Alwaleed's Kingdom Recovers From Shock of the Prince's Detention

(Bloomberg) -- After being detained for more than two months, he’s out. And Prince Alwaleed’s Kingdom Holding Co. shares surged back to where they were before Saudi Arabia started its crackdown on corruption last year.

Kingdom Holding rose 2.5 percent to 10.29 riyals on Monday, exceeding the level it was trading at before Saudi Arabia shocked investors with the arrest of dozens of high-profile businessmen and princes last year. About 3 million shares were exchanged, the most since February 2016.

Kingdom Shares Recover From Shock of Prince Alwaleed's Detention

The billionaire, who owns 95 percent of Kingdom Holding, reached a settlement with authorities and returned home on Saturday from the Ritz-Carlton in Riyadh, which served a jail for the nation’s elite since November. During that time, his investment firm is said to have sold its stake in Beirut’s Four Seasons Hotel for about $100 million to $115 million including debt. Kingdom Holding owns stakes in companies from Citigroup Inc. to Twitter Inc.

The shares have advanced about 27 percent since falling to a 2011-low in November, compared with a 9.2 percent gain in the Tadawul All Share Index.

$100 Billion

The government is emptying out the Ritz as it winds down the first phase of Crown Prince Mohammed Bin Salman’s anti-corruption campaign. The government expects to gather more than $100 billion from settlements made with detainees in exchange for their freedom.

“When the corruption purge started, no one exactly knew how this was going to pan out and what was coming next, which created short-term uncertainty,“ said Ali Taqi, the head of equities at Rasmala Investment Bank Ltd. in Dubai. “That blurred visibility is what typically rubs investors the wrong way. Many investors decided to stay away or exit the Saudi market with the intention to come get back in with improved visibility.”

Saudi stocks missed out on a rally that sent emerging-market equities soaring to less than 100 points from an all-time high because of investor concern over the crackdown and political tensions in the region. While the MSCI Emerging Markets Index advanced 34 percent last year, the Tadawul All Share Index added 0.2 percent.

Still, the Saudi gauge, which rose for three straight days, climbed this month to the highest level in more than two years.

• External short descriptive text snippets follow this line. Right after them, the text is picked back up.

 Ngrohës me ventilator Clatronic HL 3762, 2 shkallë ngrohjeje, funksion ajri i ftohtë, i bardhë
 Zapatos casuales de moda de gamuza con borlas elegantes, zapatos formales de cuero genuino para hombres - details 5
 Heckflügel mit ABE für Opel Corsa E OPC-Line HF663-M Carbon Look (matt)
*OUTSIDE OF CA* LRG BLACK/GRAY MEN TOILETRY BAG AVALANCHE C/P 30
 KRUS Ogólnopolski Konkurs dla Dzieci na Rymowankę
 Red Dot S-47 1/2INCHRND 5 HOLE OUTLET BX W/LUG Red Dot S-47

BlackRock Inc.’s iShares MSCI Saudi Arabia Capped ETF, an exchange traded fund that tracks stocks from the kingdom, has registered inflows of about $12 million so far this year. That’s more than all of 2017, data compiled by Bloomberg show.

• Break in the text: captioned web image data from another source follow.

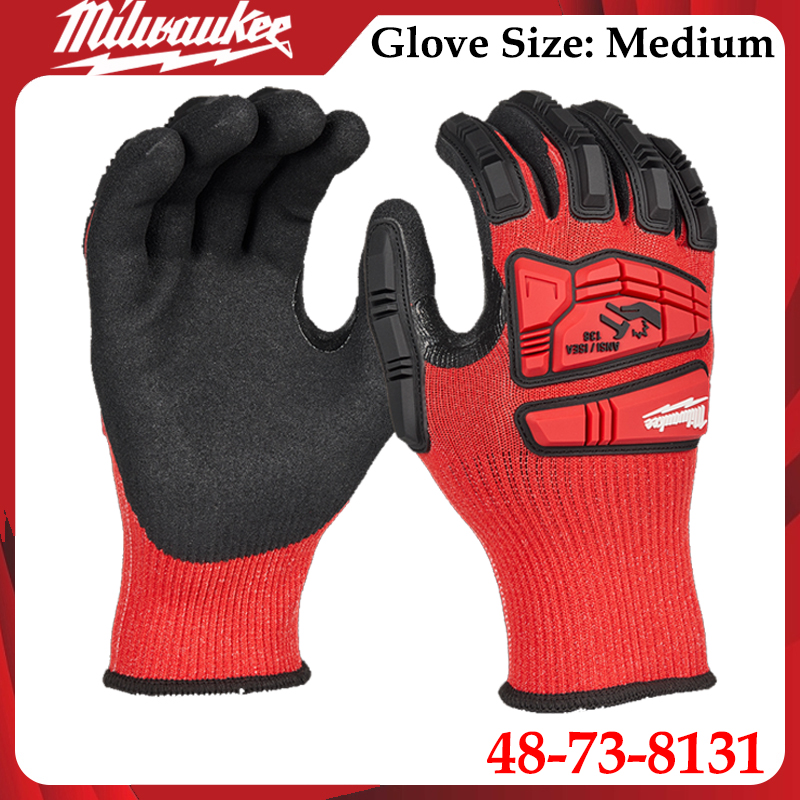 Work Glove Impact - Milwaukee 48-73-8131 Medium Impact Work Gloves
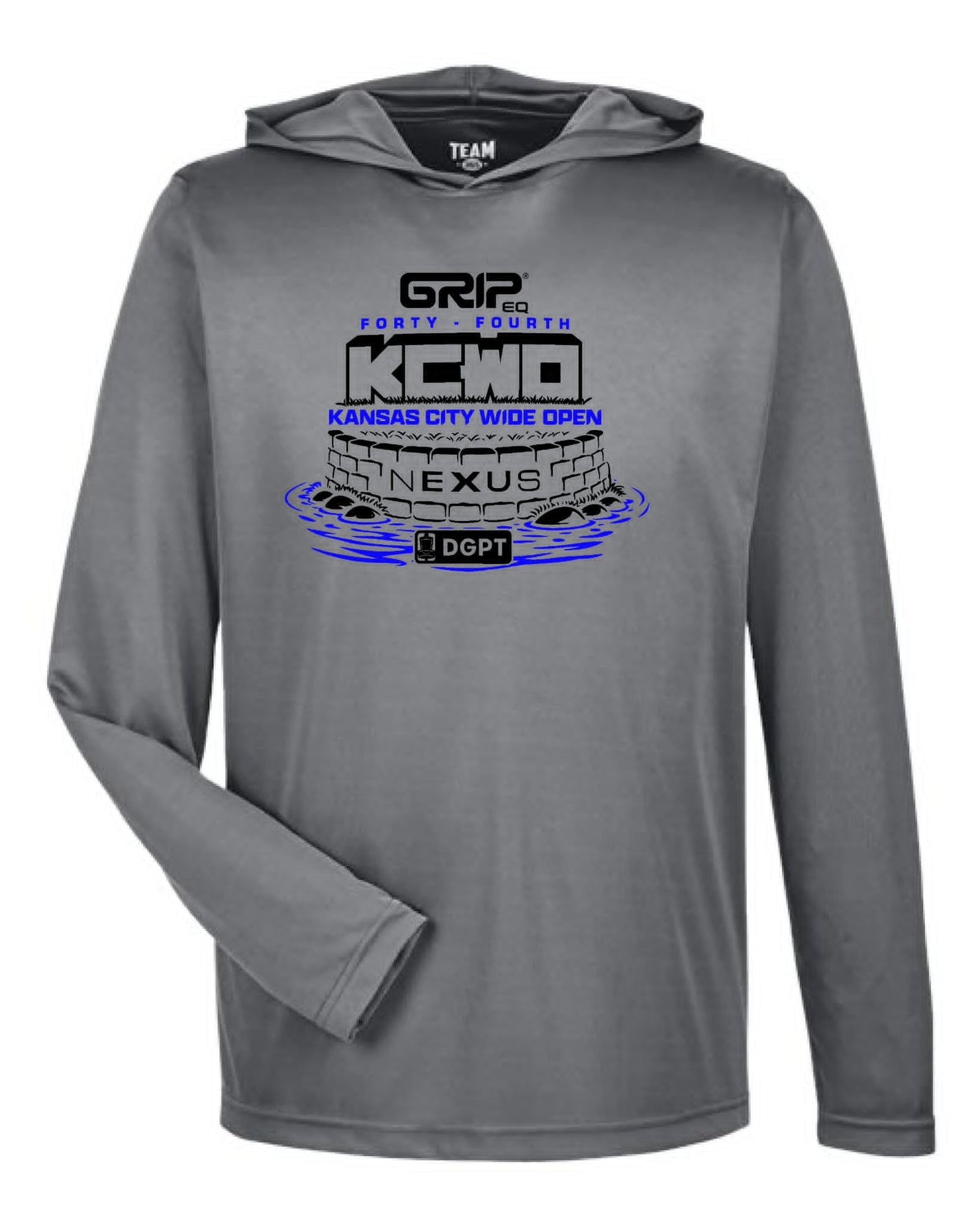 26' Kansas City Wide Open 100% Polyester Long Sleeve with Hoodie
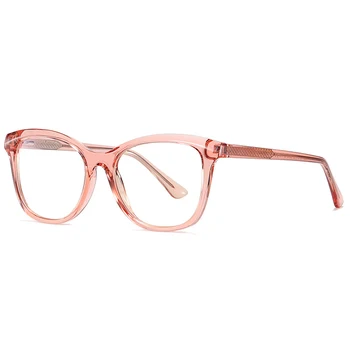 Reven Retro brýle rám ženy, kočičí oko, brýle, Velké transparentní jasné eye brýle rámy pro ženy, plastové jarní noha 3504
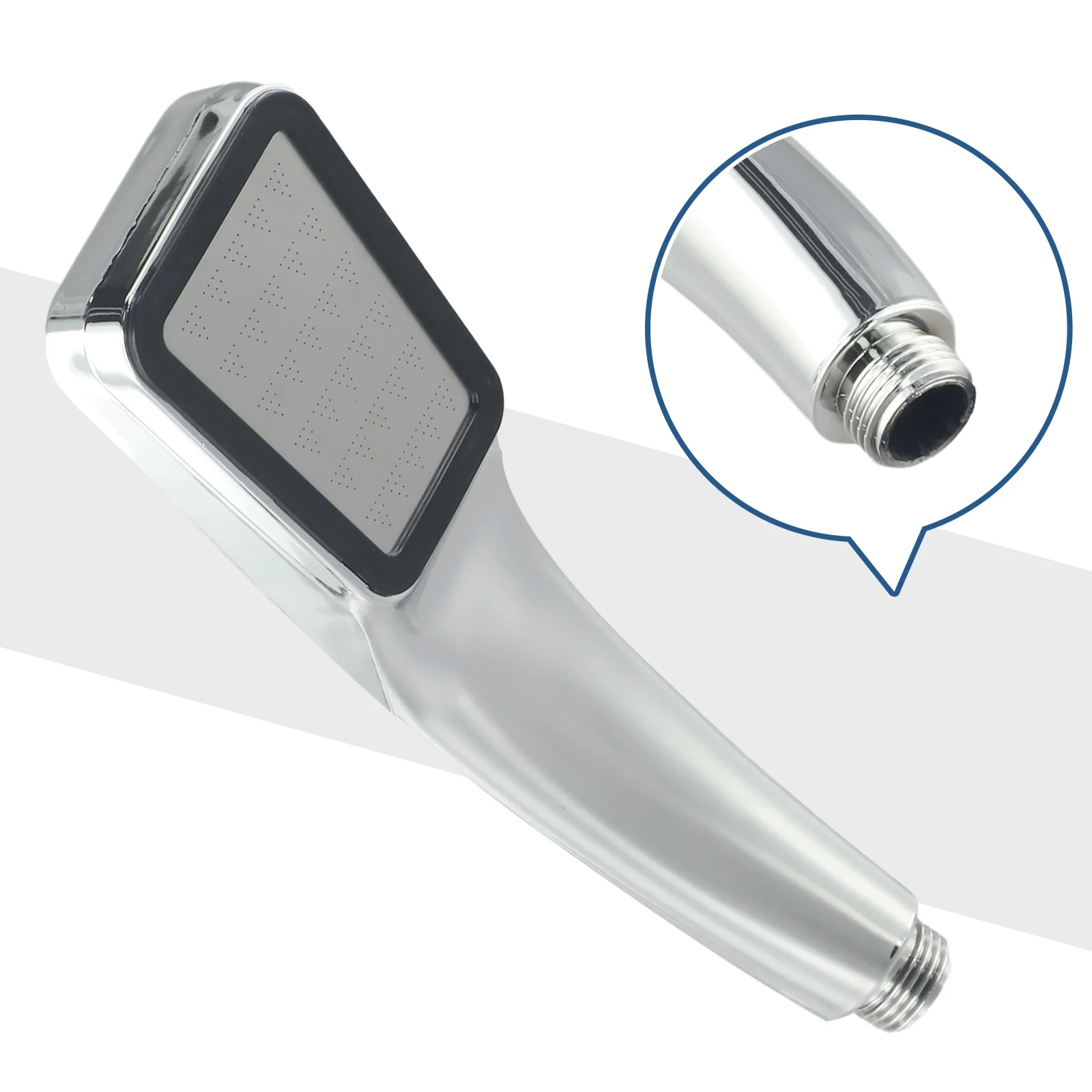 Bath Heads Shower Head Handset Four Way Interface Heads High Pressure Part Powerful Practical Saving Water 21*7cm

To build investor confidence, the crackdown “should be seen as an exceptional development, and not the new norm,” said Allen Sandeep, the head of research at Naeem Brokerage in Cairo, Egypt.

To contact the reporters on this story: Dana El Baltaji in Dubai at delbaltaji@bloomberg.net, Filipe Pacheco in Dubai at fpacheco4@bloomberg.net.

To contact the editors responsible for this story: Justin Carrigan at jcarrigan@bloomberg.net, Shaji Mathew

©2018 Bloomberg L.P.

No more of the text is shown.